PROBLEM TO WORK ON :: Would you restate each line of the data below word for word, without its pictures?

DATA EXCERPT START

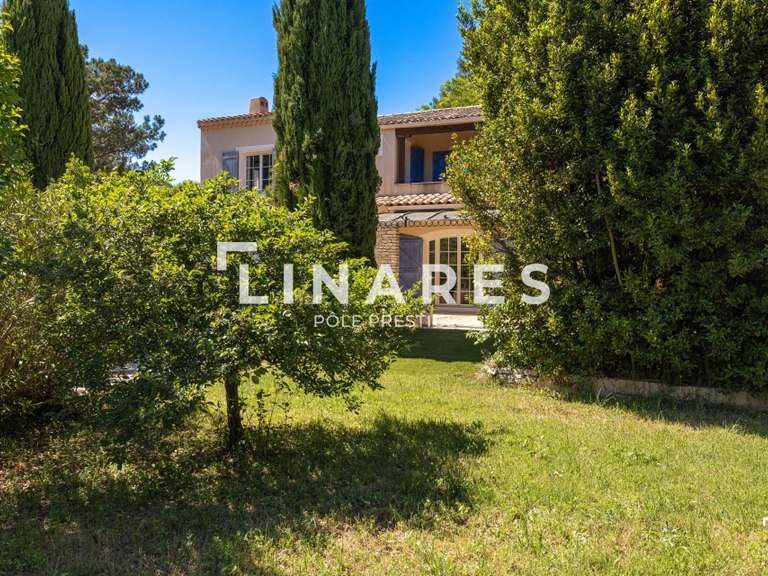 House Bouc-Bel-Air - 5 bedrooms - 308m²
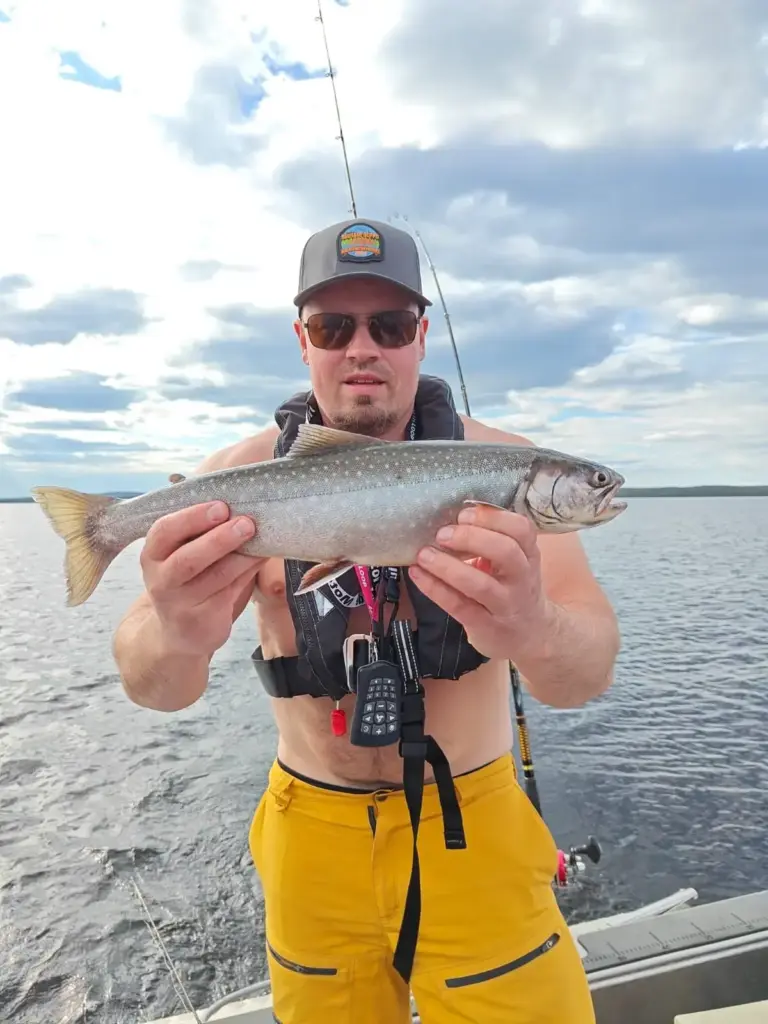 Tonin pilattu kesäloma Inarijärvellä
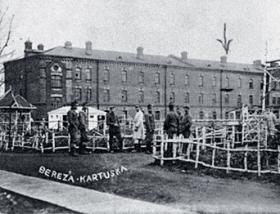 Budynek obozu (oficjalnie: miejsca odosobnienia) w Berezie Kartuskiej, lata 30.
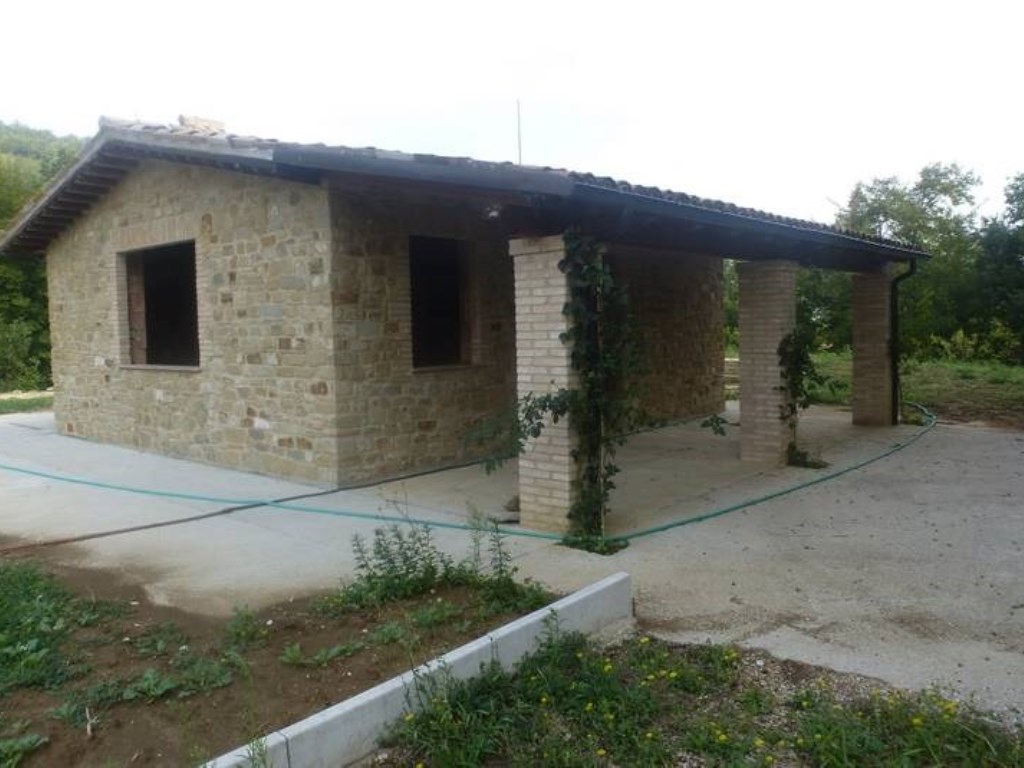 Villa in vendita a Serrapetrona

DATA EXCERPT END

TASK RESPONSE ::
 House Bouc-Bel-Air - 5 bedrooms - 308m²
 Tonin pilattu kesäloma Inarijärvellä
 Budynek obozu (oficjalnie: miejsca odosobnienia) w Berezie Kartuskiej, lata 30.
 Villa in vendita a Serrapetrona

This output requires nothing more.